The reason for the relatively significant difference in AUC values between the base regression model and the DL model may be the complexity of the neural network. The neural network can decrease the error along the gradient by the strength of the connection between the input node and the hidden node, the strength of the connection between the hidden node and the output node, and the threshold value. After repeated training and learning, the weight and threshold value corresponding to the minimum error can be determined. In addition, compared to single regression, neural networks can predict the effect of individual variables on the outcome and the effect of interactions between variables on the MCI.

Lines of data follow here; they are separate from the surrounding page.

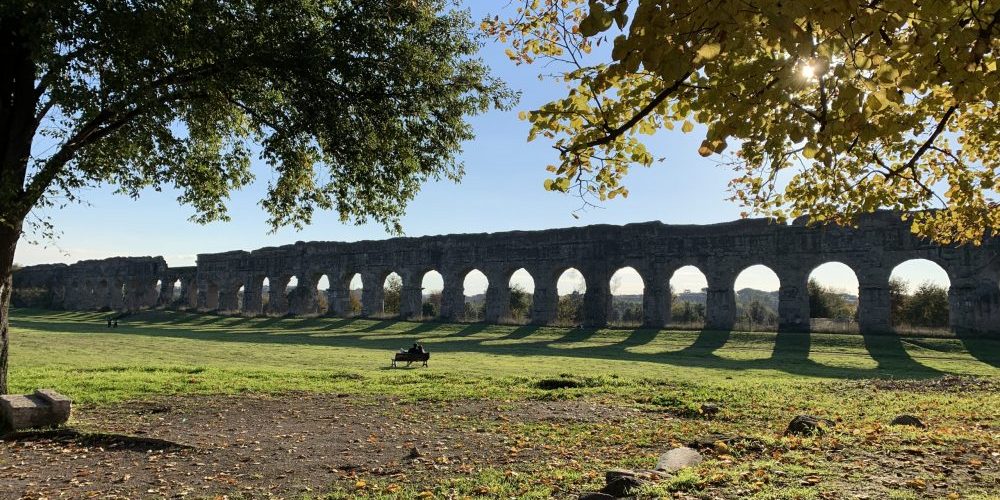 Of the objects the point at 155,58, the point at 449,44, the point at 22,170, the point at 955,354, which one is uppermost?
the point at 449,44

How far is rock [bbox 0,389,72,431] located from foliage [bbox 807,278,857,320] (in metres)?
37.5

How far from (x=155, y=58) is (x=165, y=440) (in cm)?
446

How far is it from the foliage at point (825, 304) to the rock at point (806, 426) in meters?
33.7

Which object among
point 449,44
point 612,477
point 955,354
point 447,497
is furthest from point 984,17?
point 955,354

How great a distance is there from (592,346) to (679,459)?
18.4 metres

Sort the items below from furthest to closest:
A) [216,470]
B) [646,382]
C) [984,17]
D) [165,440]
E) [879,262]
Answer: [879,262] → [646,382] → [165,440] → [216,470] → [984,17]

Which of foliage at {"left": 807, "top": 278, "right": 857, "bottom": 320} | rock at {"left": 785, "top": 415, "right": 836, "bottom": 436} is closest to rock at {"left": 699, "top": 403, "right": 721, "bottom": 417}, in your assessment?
rock at {"left": 785, "top": 415, "right": 836, "bottom": 436}

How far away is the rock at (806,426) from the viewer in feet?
21.1

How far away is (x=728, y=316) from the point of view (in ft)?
93.0

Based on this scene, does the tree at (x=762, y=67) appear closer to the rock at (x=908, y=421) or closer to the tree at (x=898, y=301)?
the rock at (x=908, y=421)

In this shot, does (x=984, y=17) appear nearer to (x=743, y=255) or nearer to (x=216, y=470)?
(x=216, y=470)

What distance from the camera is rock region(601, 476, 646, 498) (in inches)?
169

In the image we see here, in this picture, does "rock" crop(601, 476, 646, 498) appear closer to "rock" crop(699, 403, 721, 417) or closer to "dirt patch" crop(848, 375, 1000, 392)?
"rock" crop(699, 403, 721, 417)

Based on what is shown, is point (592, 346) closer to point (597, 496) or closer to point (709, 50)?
point (597, 496)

Our strengths are that the DL model showed good performance in both model construction and validation, and our cohort samples are all over the country, which is also well generalized in China. Second, we used ML methods to double-validate the inclusion variables and performed model construction by combining DL and ML. Third, when searching for domestic and international studies, we could not find other studies that predicted MCI in patients with sarcopenia. Lastly, we built an online computational webpage to facilitate the application of the model. The study also has more shortcomings. First, we lacked foreign validation sets to validate the model and could not prove that the model applies to other races and populations abroad. We are actively searching for data that can be utilized in different countries and regions for validation to solve this problem as early as possible. Second, limited by public databases, including variables related to the onset of MCI, such as the exercise situation, is not comprehensive enough due to the large missing amount and not being included in the study. Third, regarding the assessment of variables, it is generally measured using BIA or DXA, but the formula we used for ASM calculation was also in better agreement with DXA. For walking speed, CHARLS uses measurements at a standard distance of five meters, whereas the international standard is a distance of six meters. To address this issue, it has also been documented that this distance does not affect walking speed [30]. Finally, since the included samples were all over 45 years of age, the DL model is mainly applicable to the elderly population and is not relevant to the prediction of all age groups.